# [Exercise inputs]
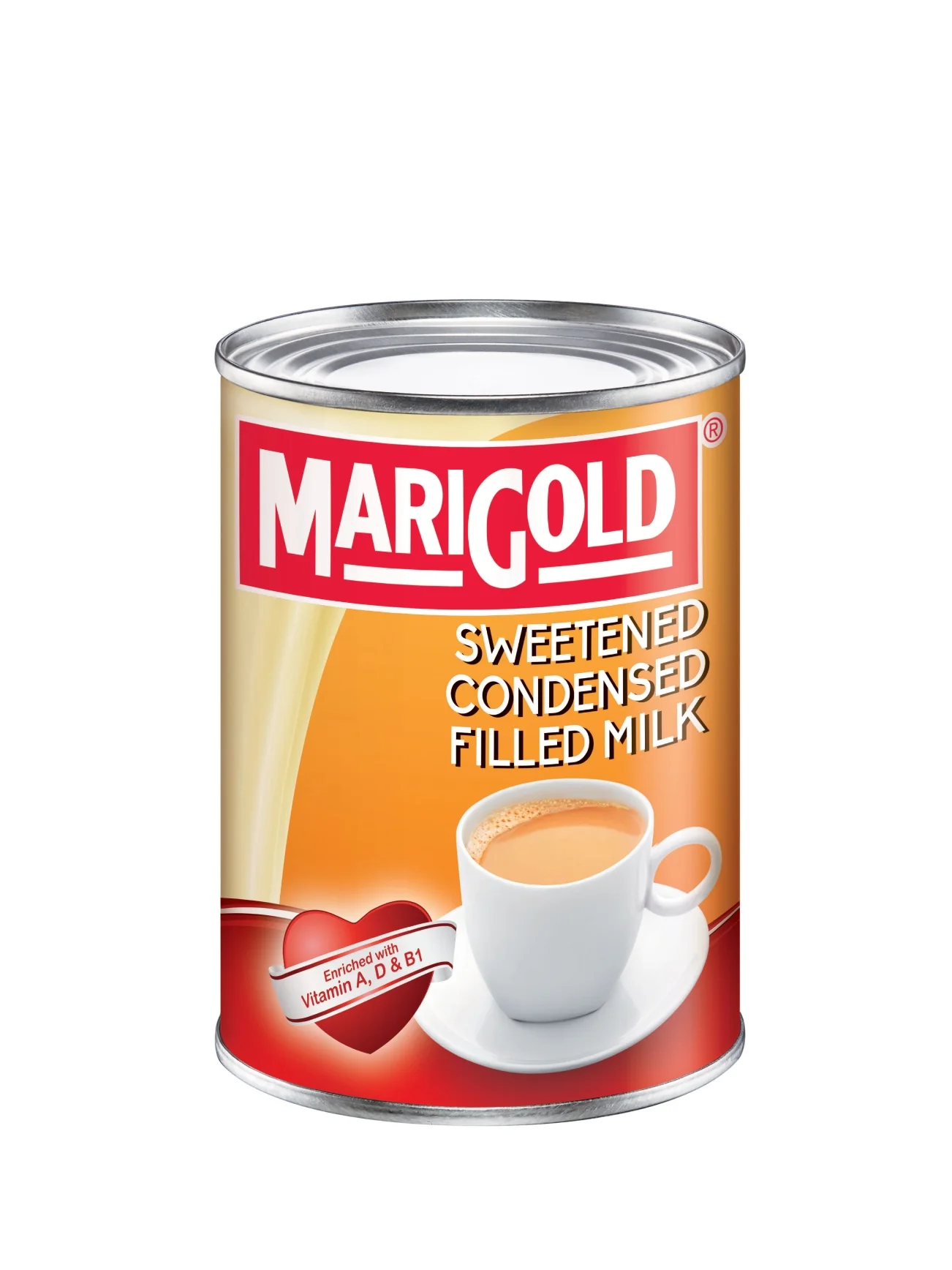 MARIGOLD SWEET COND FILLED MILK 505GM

--

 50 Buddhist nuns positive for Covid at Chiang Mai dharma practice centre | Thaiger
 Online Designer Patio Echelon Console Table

# [Task item]
Exactly the lines above from the one with "50 Buddhist nuns" to the one with "Online Designer Patio Echelon Console Table", both included, are to be quoted; leave the rest out.

# [Exercise output]
 50 Buddhist nuns positive for Covid at Chiang Mai dharma practice centre | Thaiger
 Online Designer Patio Echelon Console Table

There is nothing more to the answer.